══ Given records

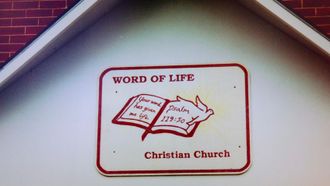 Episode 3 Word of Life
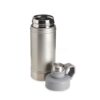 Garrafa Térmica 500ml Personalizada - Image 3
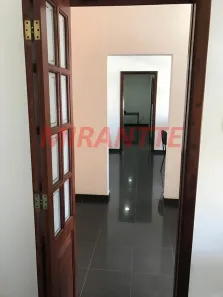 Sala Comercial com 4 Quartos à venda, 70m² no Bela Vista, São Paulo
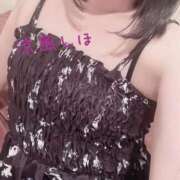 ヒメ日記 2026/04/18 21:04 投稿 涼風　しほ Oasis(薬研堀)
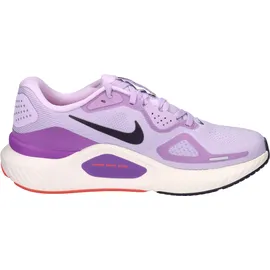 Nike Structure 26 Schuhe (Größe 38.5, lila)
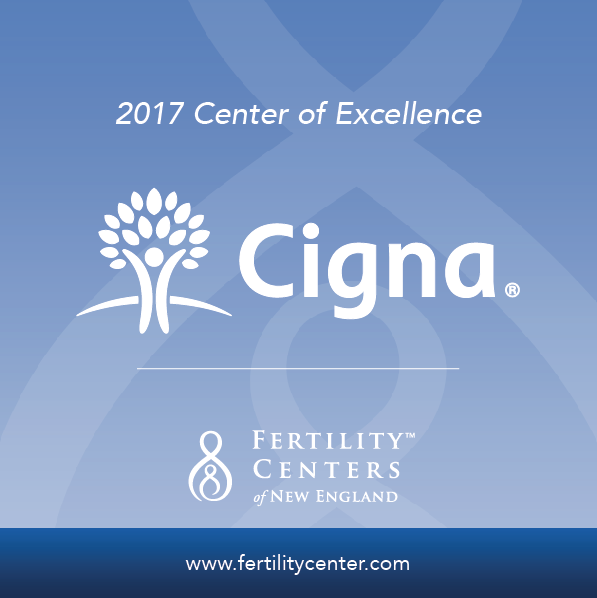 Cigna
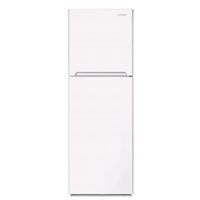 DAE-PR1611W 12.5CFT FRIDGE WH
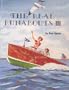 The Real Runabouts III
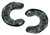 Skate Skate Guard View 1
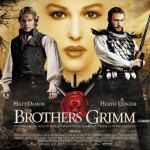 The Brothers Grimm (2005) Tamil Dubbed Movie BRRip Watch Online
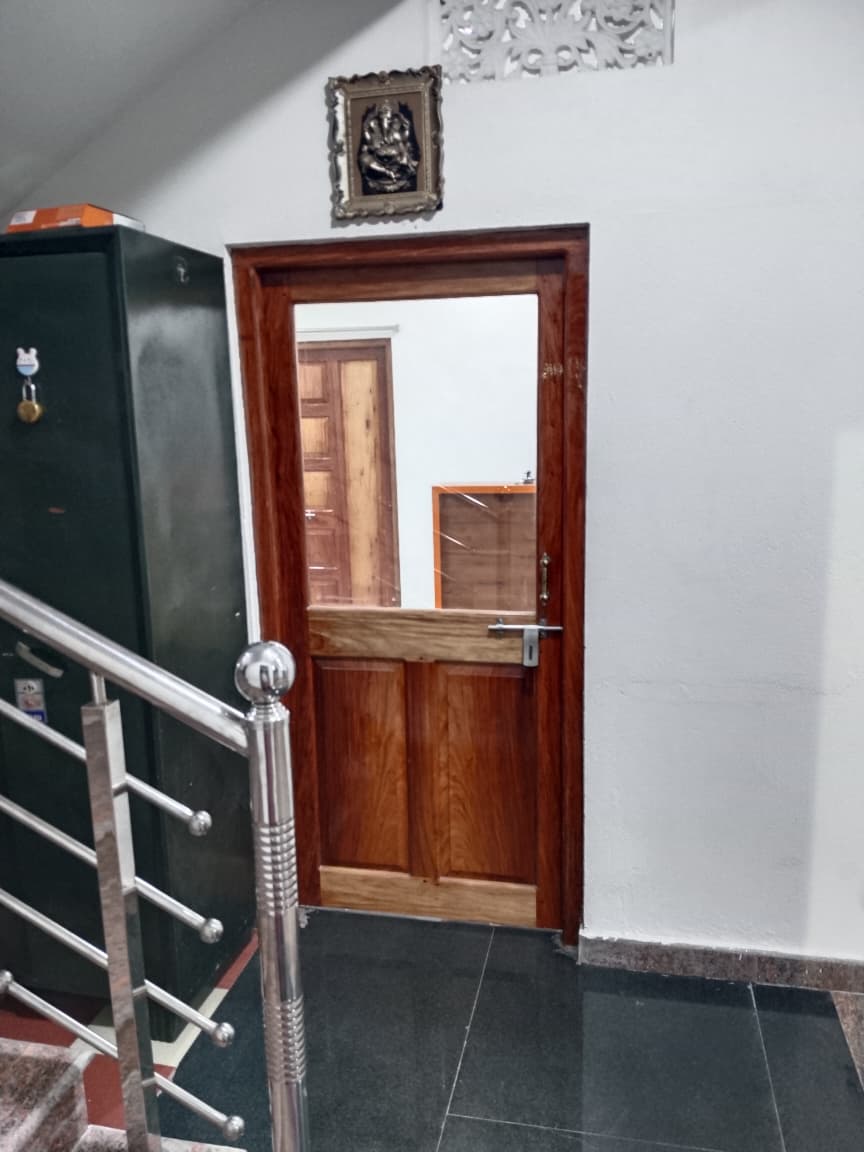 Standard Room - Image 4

════

- [Required action]: Word for word, give again the lines from the line holding "Nike Structure 26 Schuhe (Größe 38.5, lila)" through the last line of the material, both included; pictures are not part of the copy.

- [Written response]:
 Nike Structure 26 Schuhe (Größe 38.5, lila)
 Cigna
 DAE-PR1611W 12.5CFT FRIDGE WH
 The Real Runabouts III
 Skate Skate Guard View 1
 The Brothers Grimm (2005) Tamil Dubbed Movie BRRip Watch Online
 Standard Room - Image 4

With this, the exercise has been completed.